* _What to produce_: Everything in the records below is to be reproduced exactly, apart from the images.

= Beginning of Section =

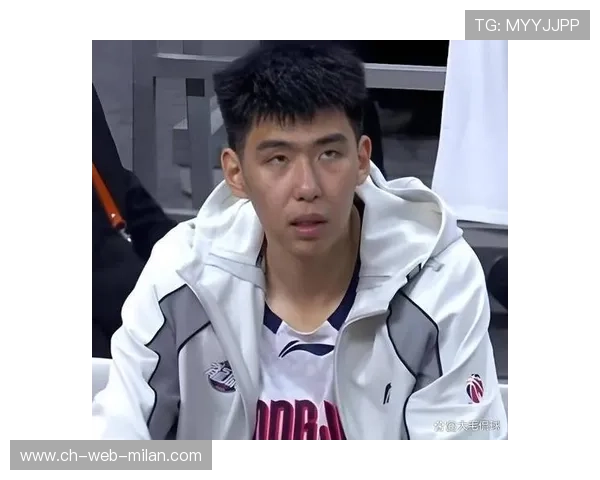 MMA选手站立膝击：压制对手的站立控场艺术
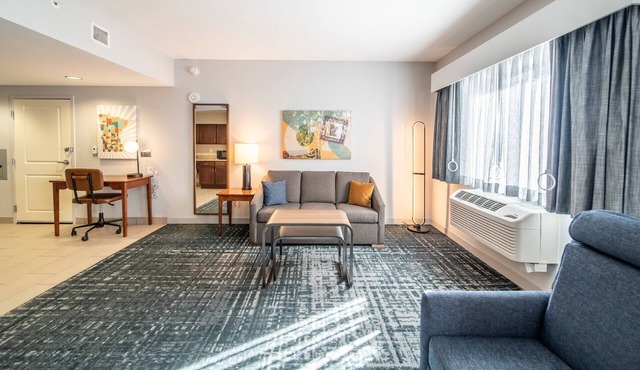 Close to Rochester International Airport! Free Hot Breakfast, Indoor Pool!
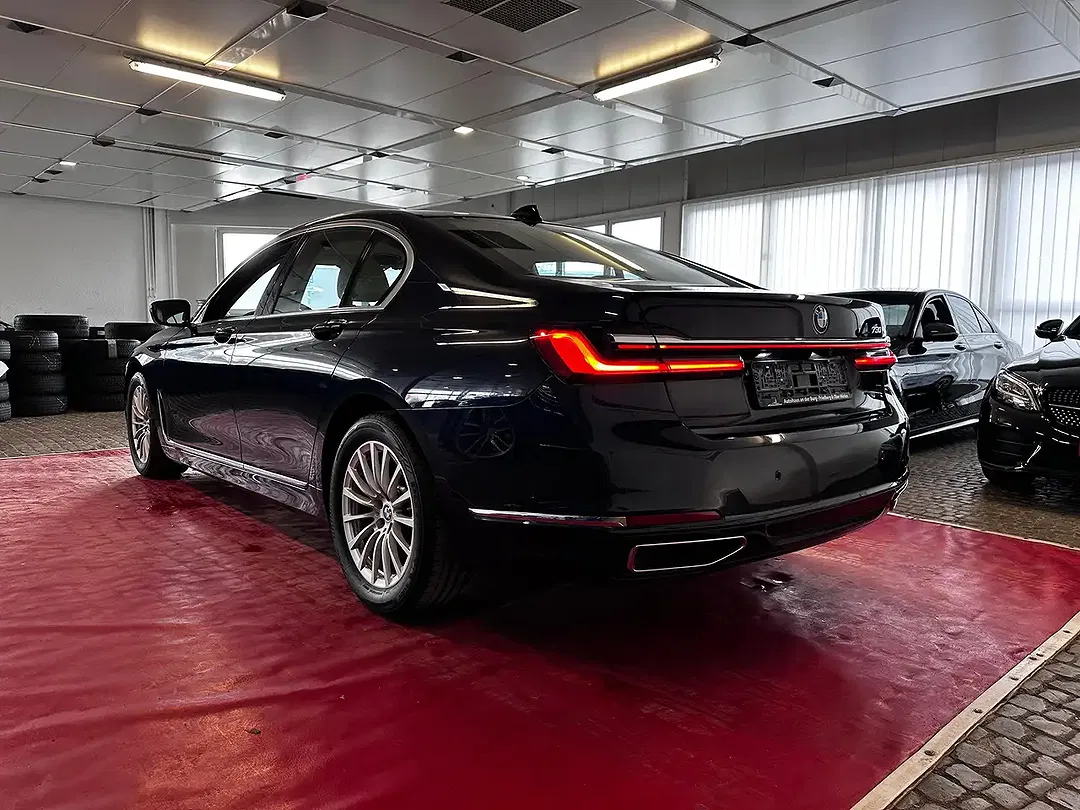 BMW 730 - Thumbnail 3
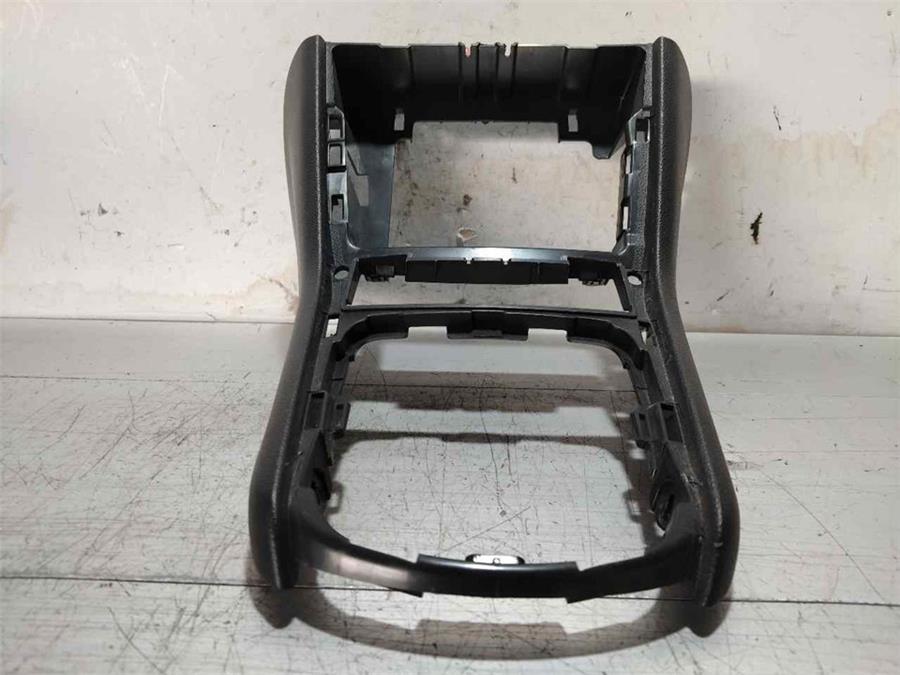 guanecido consola central opel astra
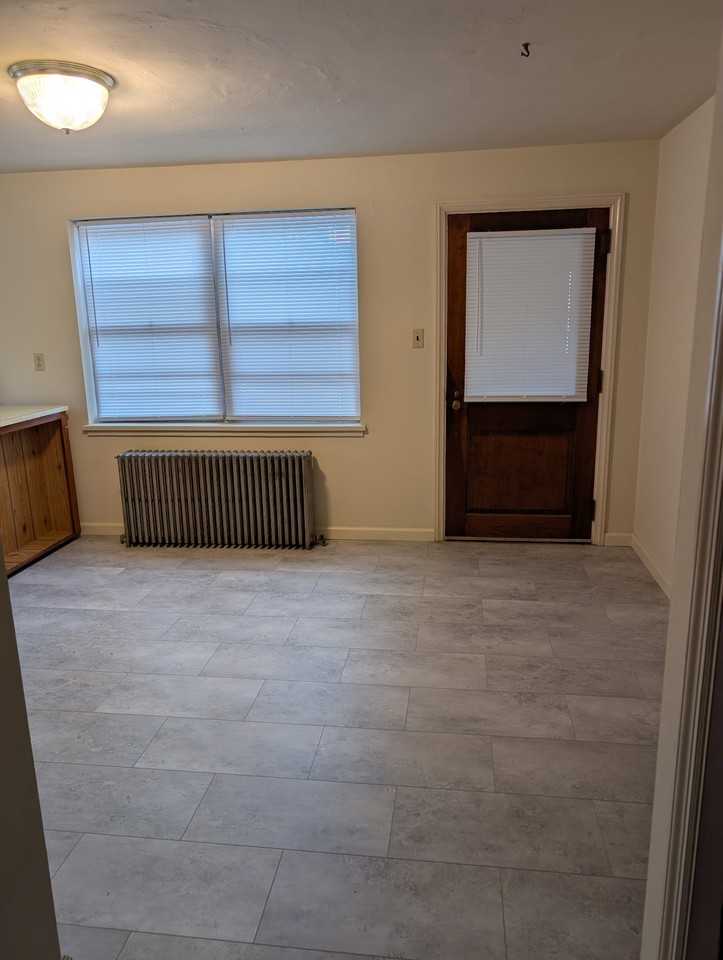411 S High St #5 - Photo 4 of 8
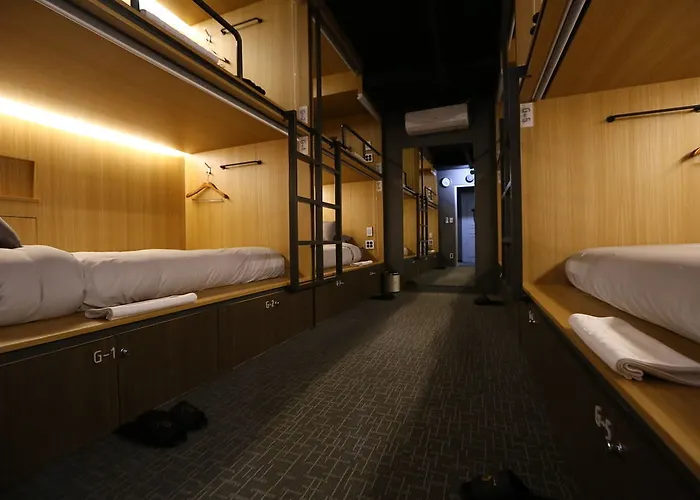 Philstay Myeongdong Boutique - Women Only 2*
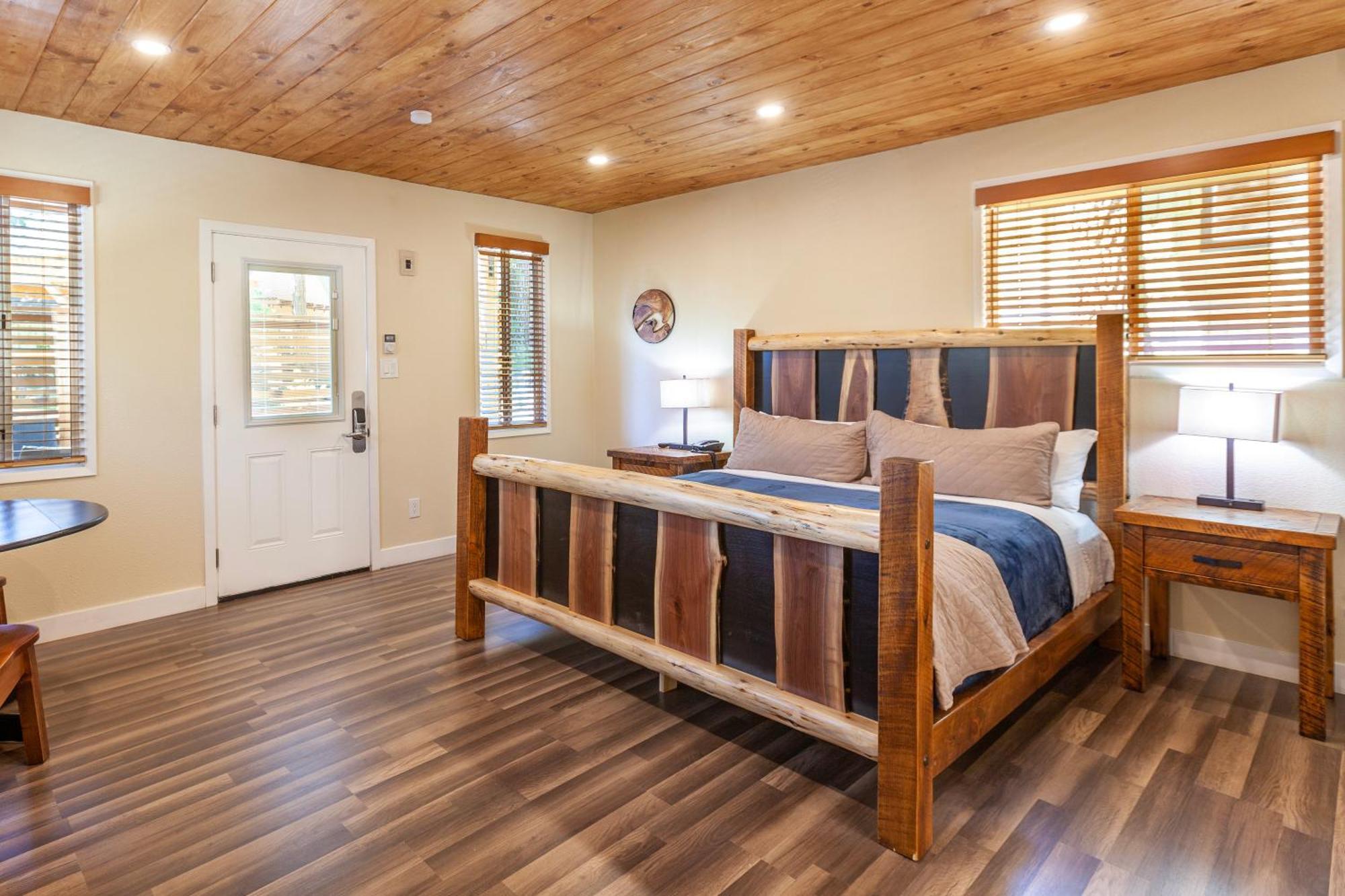 Tahquitz Pines Retreat Hotel Idyllwild Exterior photo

= End of Section =

* _Reply_:
 MMA选手站立膝击：压制对手的站立控场艺术
 Close to Rochester International Airport! Free Hot Breakfast, Indoor Pool!
 BMW 730 - Thumbnail 3
 guanecido consola central opel astra
411 S High St #5 - Photo 4 of 8
 Philstay Myeongdong Boutique - Women Only 2*
 Tahquitz Pines Retreat Hotel Idyllwild Exterior photo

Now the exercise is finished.